To determine the time-dependent inhibitory activity of prodrugs (compound 14 and 18), a mixture of inhibitor (at a stock concentration of 5 µM): S30 extract (1:4) was incubated at 37 °C for the specified period of time. The S30 extract was prepared as disclosed before²⁰. The addition of inhibitor to cellular extract was done at time point zero and after 2, 15, 60 and 120 min, respectively, 5 µL of this mixture was added to 15 µL of the aminoacylation mixture which was kept at 37 °C and which contains phosphate (50 mM, pH 7.5), DTT (1 mM), E. coli MRE 600 tRNA (5 g/L purchased from Sigma), ATP (3 mM), magnesium acetate (10mM), potassium acetate (100mM), and 28.6 µM of 14C-radiolabeled leucine. The aminoacylation reaction was quenched after one minute by addition of 4 µL mixture of 0.2 M sodium acetate pH 4, 0.1% N-lauroylsarcosine, and 5 mM leucine. Then 10 µL of the reaction mixture was spotted on 3MM Whatman paper and this was transferred to 10% cold TCA solution. The papers were washed thoroughly with 10% cold TCA (twice), then the papers were washed twice with acetone and later dried in air. Dried papers were transferred to scintillation vial followed by the addition of scintillation liquid (12 mL), the amount of radionuclide incorporation was determined using a Tri-card 2300 TR liquid scintillation counter.

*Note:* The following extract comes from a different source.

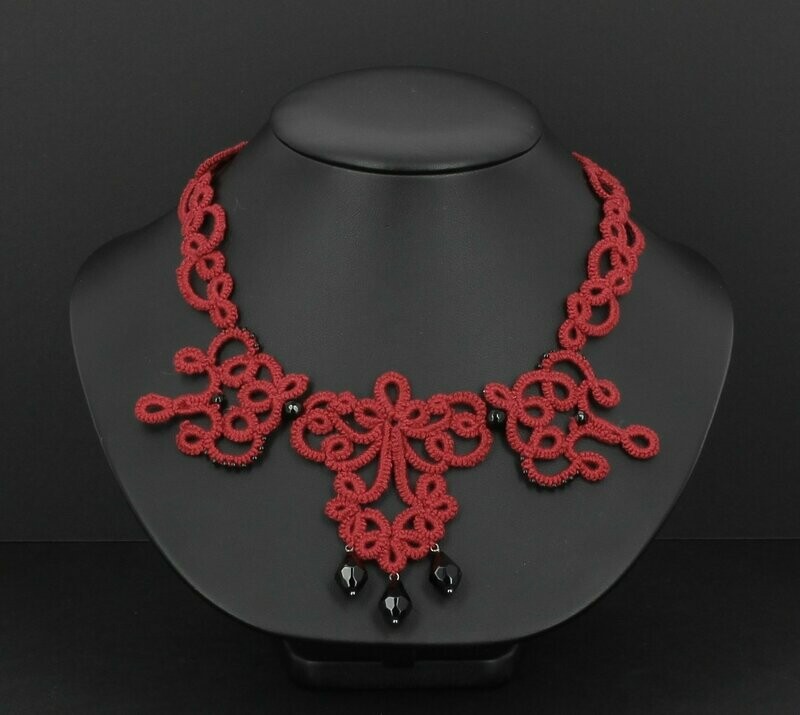 Collier baroque frivolité rouge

6.5. Antimicrobial Testing

The respective microbes were inoculated overnight in LB medium (5 mL) and cultured again in the next morning in fresh LB medium (5 mL) till it reached the OD₆₀₀ of approximately 0.9. An amount of 10 µL of compounds made up in 50:50 DMSO:H₂O solution was used for testing. Compounds were serially diluted using 50:50 DMSO:H₂O mixture in a 96-well plate and 50:50 DMSO:H₂O solution was used as control. Next, 90 mL of bacterial cell culture grown to a OD600 of 0.05 was added. The cultures were next placed in an incubator at 37 °C, and subsequently, the OD600 was determined after 20–24 h. Bacterial strains and fungi used for the evaluations are S. aureus ATCC 6538P, S. epidermidis RP62A, E. coli NCIB 8743, P. aeruginosa PAO1, S. lutea ATCC9341 and C. albicans CO11. All experiments were performed in triplicate.